→ **WORK TASK**: Take the line with "2512 Sunshine Lane, Beloit, WI 53511" as the first and the last line of the data as the end. Write out both and every line between exactly, except pictures.

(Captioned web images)

<<<<

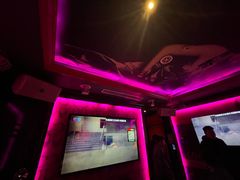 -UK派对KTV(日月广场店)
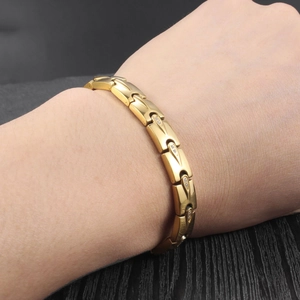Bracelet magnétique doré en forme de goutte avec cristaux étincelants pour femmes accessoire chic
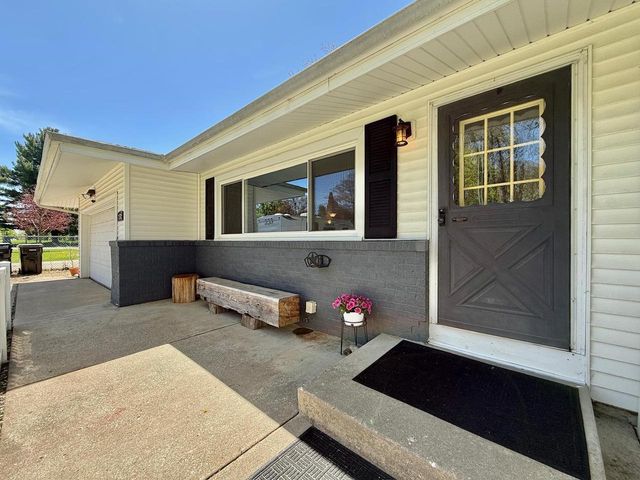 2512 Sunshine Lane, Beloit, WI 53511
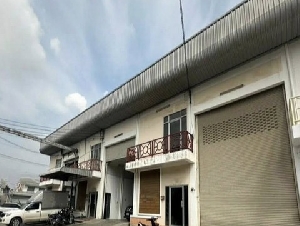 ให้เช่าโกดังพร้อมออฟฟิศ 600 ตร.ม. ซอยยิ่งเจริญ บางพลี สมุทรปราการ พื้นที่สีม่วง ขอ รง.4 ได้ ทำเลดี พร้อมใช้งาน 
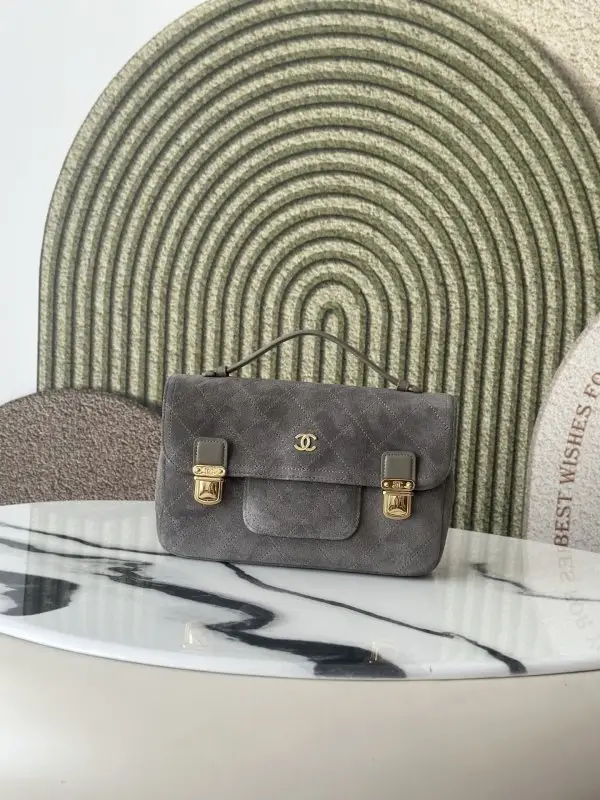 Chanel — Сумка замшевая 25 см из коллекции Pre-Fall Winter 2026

>>>>

→ **SOLUTION**:
 2512 Sunshine Lane, Beloit, WI 53511
 ให้เช่าโกดังพร้อมออฟฟิศ 600 ตร.ม. ซอยยิ่งเจริญ บางพลี สมุทรปราการ พื้นที่สีม่วง ขอ รง.4 ได้ ทำเลดี พร้อมใช้งาน 
 Chanel — Сумка замшевая 25 см из коллекции Pre-Fall Winter 2026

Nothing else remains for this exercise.